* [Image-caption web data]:
▼
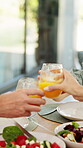 Family, hands and cheers with juice, home and social gathering with healthy food and lunch together. Brunch, celebration and people with beverage for toast, parents and meal with children in house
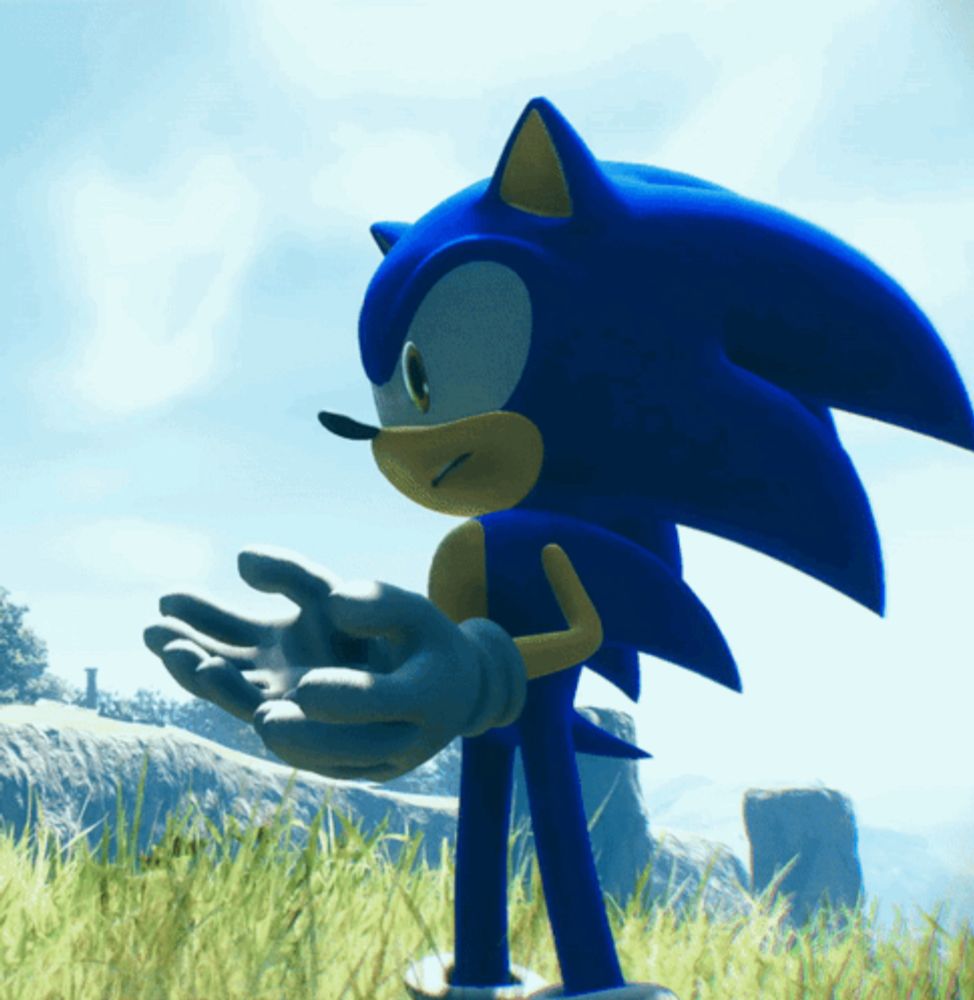 a sonic the hedgehog standing in the grass with his hand outstretched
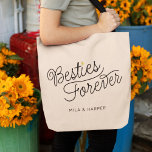 Bolso De Tela Bestis Modern Script Gold Heart Custom Names<br><div class="desc">Este moderno bolso de tote con un minimalista diseño de caligrafía de escritura de moda casual que lee Besties Forever, así como sus nombres personalizados, cuenta con líneas limpias para crear un aspecto elegante y sofisticado. El estilo sobrio con el pequeño detalle dorado del corazón le aporta un toque de...</div>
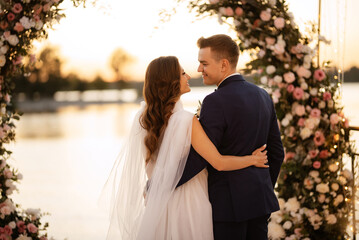 bride and groom against the backdrop of a yellow sunset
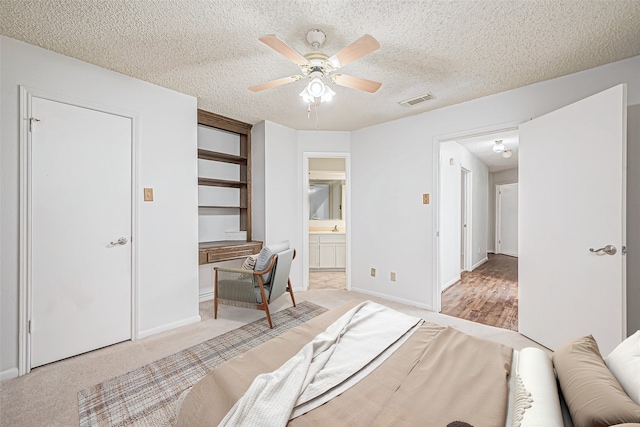 bedroom featuring a textured ceiling, baseboards, visible vents, ceiling fan, and light carpet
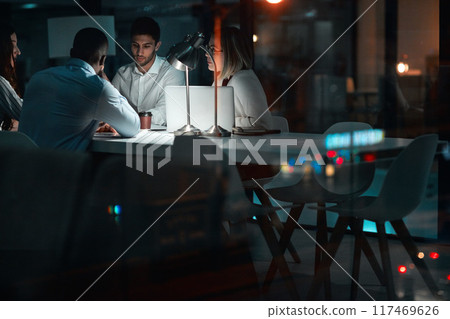 Group, brainstorming and night in meeting, laptop and planning of teamwork, deadline and project for website. Business, computer and admin assistant, online and people in boardroom, dark and startup Group, brainstorming and night in meeting, laptop and planning of teamwork, deadline and project for website. Business, computer and admin assistant, online and people in boardroom, dark and startup 117469626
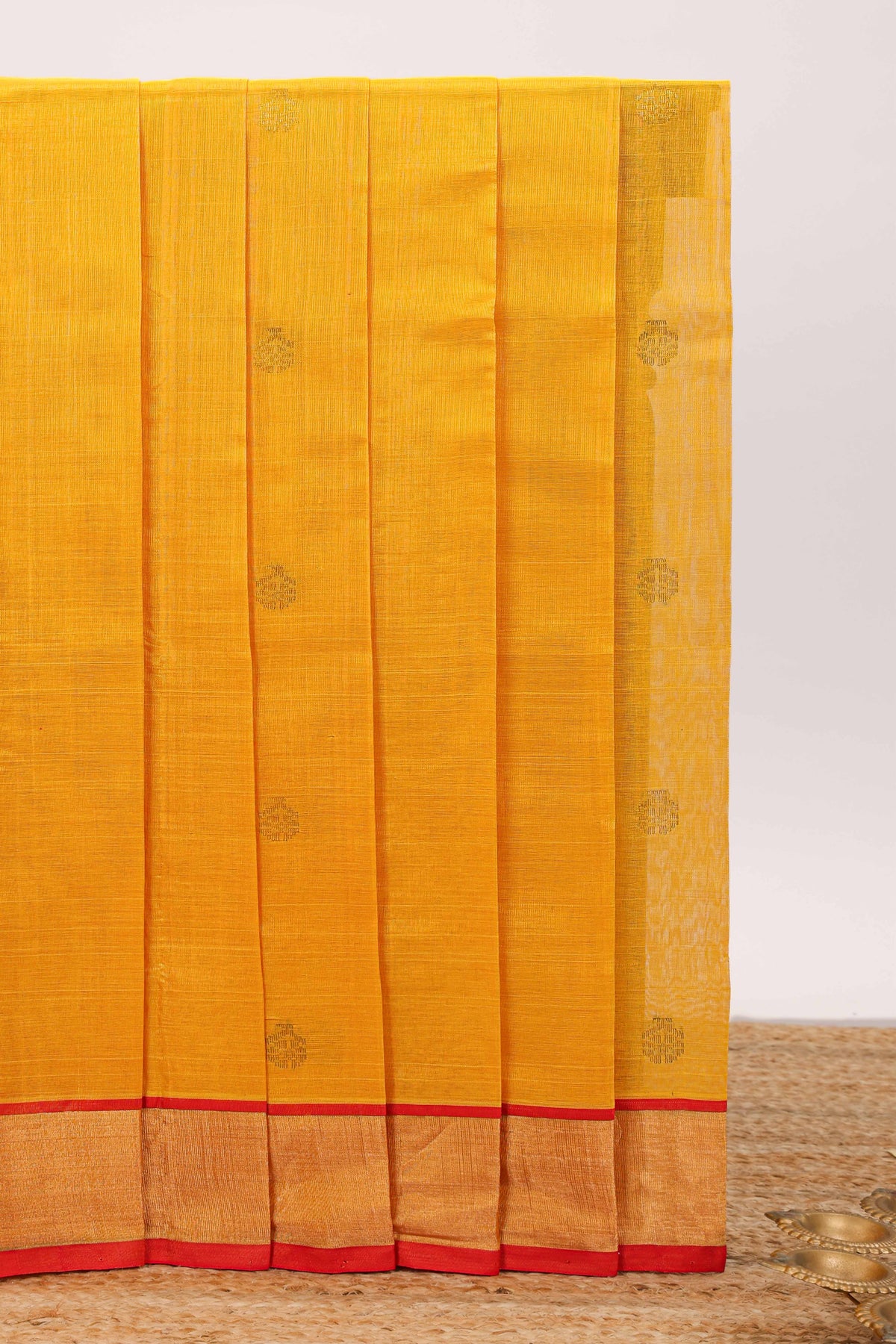 Yellow butta designed silk cotton saree with contrast zari border and blouse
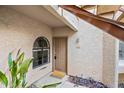 Inviting condo entrance with a cute welcome mat, featuring a modern door and updated finishes at 930 N Mesa Dr # 1079, Mesa, AZ 85201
▲
* [DIRECTIONS FOR THIS TASK]: Include the first line of the records, the line containing "bride and groom", and every line between them, repeated exactly. Skip the pictures.

* [ANSWER TO THE PROBLEM]:
 Family, hands and cheers with juice, home and social gathering with healthy food and lunch together. Brunch, celebration and people with beverage for toast, parents and meal with children in house
 a sonic the hedgehog standing in the grass with his hand outstretched
 Bolso De Tela Bestis Modern Script Gold Heart Custom Names<br><div class="desc">Este moderno bolso de tote con un minimalista diseño de caligrafía de escritura de moda casual que lee Besties Forever, así como sus nombres personalizados, cuenta con líneas limpias para crear un aspecto elegante y sofisticado. El estilo sobrio con el pequeño detalle dorado del corazón le aporta un toque de...</div>
 bride and groom against the backdrop of a yellow sunset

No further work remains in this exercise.